LONDON, 23 April, 2020 − For 70 years Britain has been dissolving spent nuclear fuel in acid, separating the plutonium and uranium it contains and stockpiling the plutonium in the hope of finding some peaceful use for it, to no avail: all it has to show today is a UK plutonium stockpile.
To comply with its international obligations not to discharge any more liquid radioactive waste into the Irish Sea, the United Kingdom government agreed more than 20 years ago under the Ospar Convention on the protection of the north-east Atlantic to shut its nuclear fuel reprocessing works at Sellafield in northwestern England at the end of this year.
As well as 139 tonnes of plutonium, which has to be both carefully stored to prevent a nuclear chain reaction and protected by armed guards as well, to avoid terrorist attack, there are thousands of tonnes of depleted uranium at Sellafield.
The reprocessing plant shut down prematurely as a result of a Covid-19 outbreak among its employees, and most of the 11,500 workers there have been sent home, leaving a skeleton staff to keep the site safe. Whether the plant will be restarted after the epidemic is unknown.
Fewer than half Sellafield’s workers are involved in reprocessing. Most are engaged in cleaning up after decades of nuclear energy generation and related experiments. There are 200 buildings at the massive site, many of them disused. It costs British taxpayers around £2.3 billion (US$2.8bn) a year to run Sellafield and keep it safe.
Solution needed soon
While the British government has been reluctant to make any decision on what to do about its stockpiled plutonium and uranium, the Bulletin of the Atomic Scientists has expressed alarm about the danger it poses.
“The United Kingdom has to find a solution for its plutonium stockpile, and quickly,” its report says.
The scientists point out that there is enough plutonium to make hundreds of thousands of nuclear weapons, and that it is a permanent proliferation risk. The annual cost of £73m to keep the plutonium safe is dwarfed by the much larger cost of trying to make safe the whole site with its thousands of tonnes of nuclear waste.

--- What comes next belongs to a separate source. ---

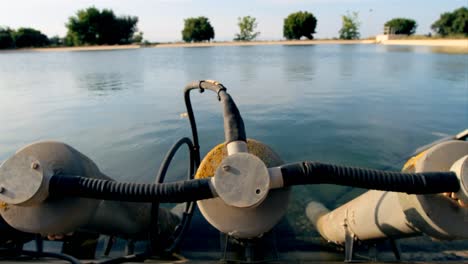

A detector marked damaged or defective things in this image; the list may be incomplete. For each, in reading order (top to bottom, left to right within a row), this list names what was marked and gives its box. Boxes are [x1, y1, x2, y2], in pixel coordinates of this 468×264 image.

yellow rust stain [196, 138, 284, 179] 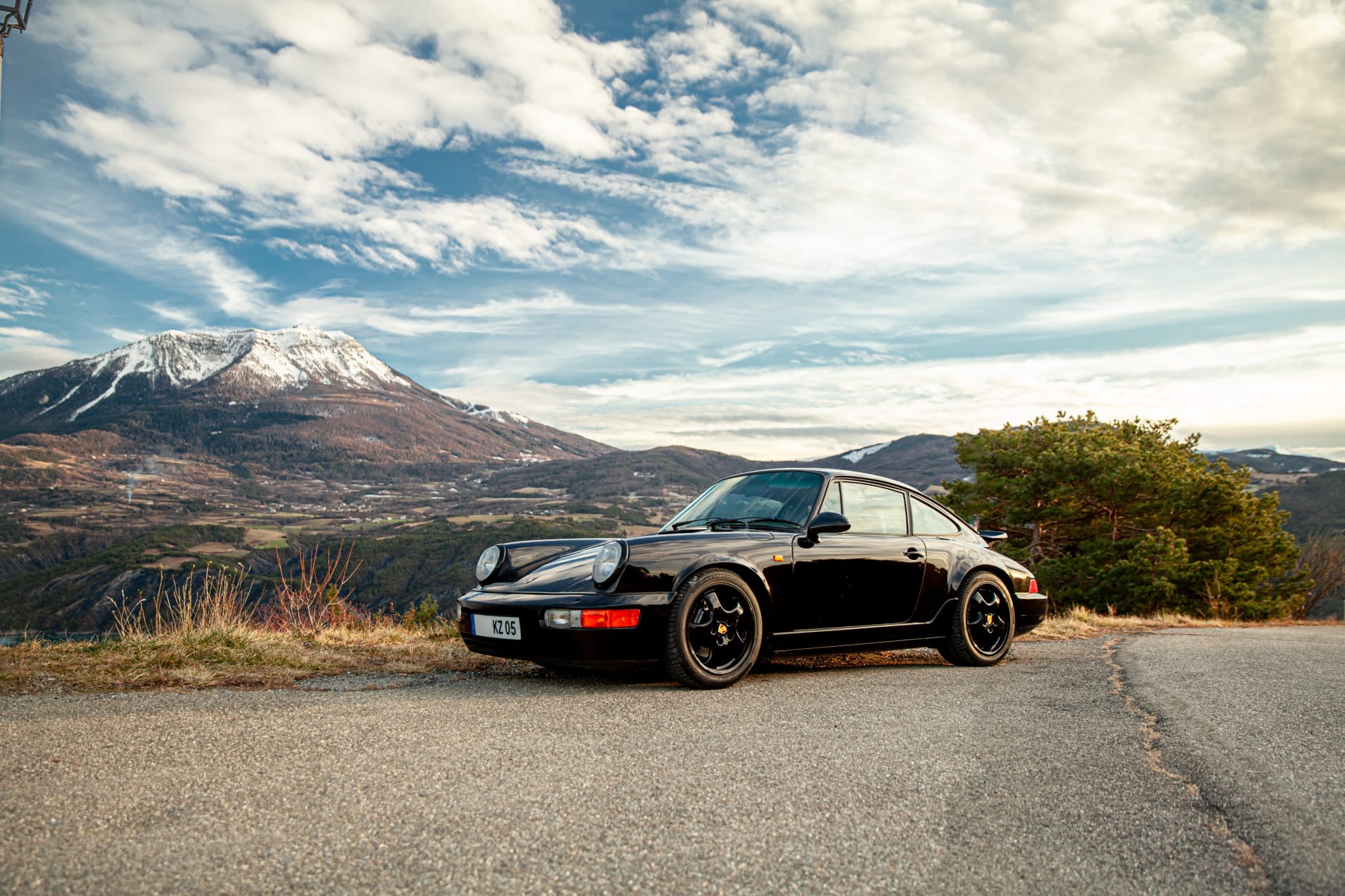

The Bulletin reports that the original reason for the reprocessing works was to produce plutonium for nuclear weapons. The UK supplied the US at times, as well as producing its own weapons. A 2014 agreement between the British and US governments gives an outline of the nuclear links which then existed between them.
“The British government, the Nuclear Decommissioning Authority, and reactor operators in general should accept that separated plutonium is a burden, not a resource”
For decades there were also plans to use plutonium in fast breeder reactors and to blend it with uranium to make Mixed Oxide Fuel (MOX) .
This was a time when governments believed that the world’s supply of uranium would run out and that re-using it with plutonium would be a way of generating large amounts of electricity, as a way to avoid burning fossil fuels and as part of the solution to climate change.
MOX was one possible fuel. Using recycled plutonium in fast breeder reactors was another possibility. And a third option was new-style reactors that burned plutonium, theoretically possible but never built.
But uranium did not run out, and MOX did not prove economic. It and the new reactors proved so technically difficult they were abandoned.
Despite these setbacks, successive British governments have continued reprocessing, always refusing to class plutonium as a waste, while still exploring ways of using it in some kind of new reactor. This is likely to remain the official position even after reprocessing ends in December.
The UK’s Nuclear Decommissioning Authority, the agency that runs Sellafield, faced by this indecision, continues to store the plutonium behind three barbed-wire barricades, guarded by the only armed civilian police force in the country.
Here to stay?
One of the tricky political problems is that 23 tonnes of the plutonium is owned by Japan, which sent its spent fuel to be reprocessed at Sellafield but is unable to use the recycled material, which cannot be returned to Japan in its current state because of nuclear proliferation concerns.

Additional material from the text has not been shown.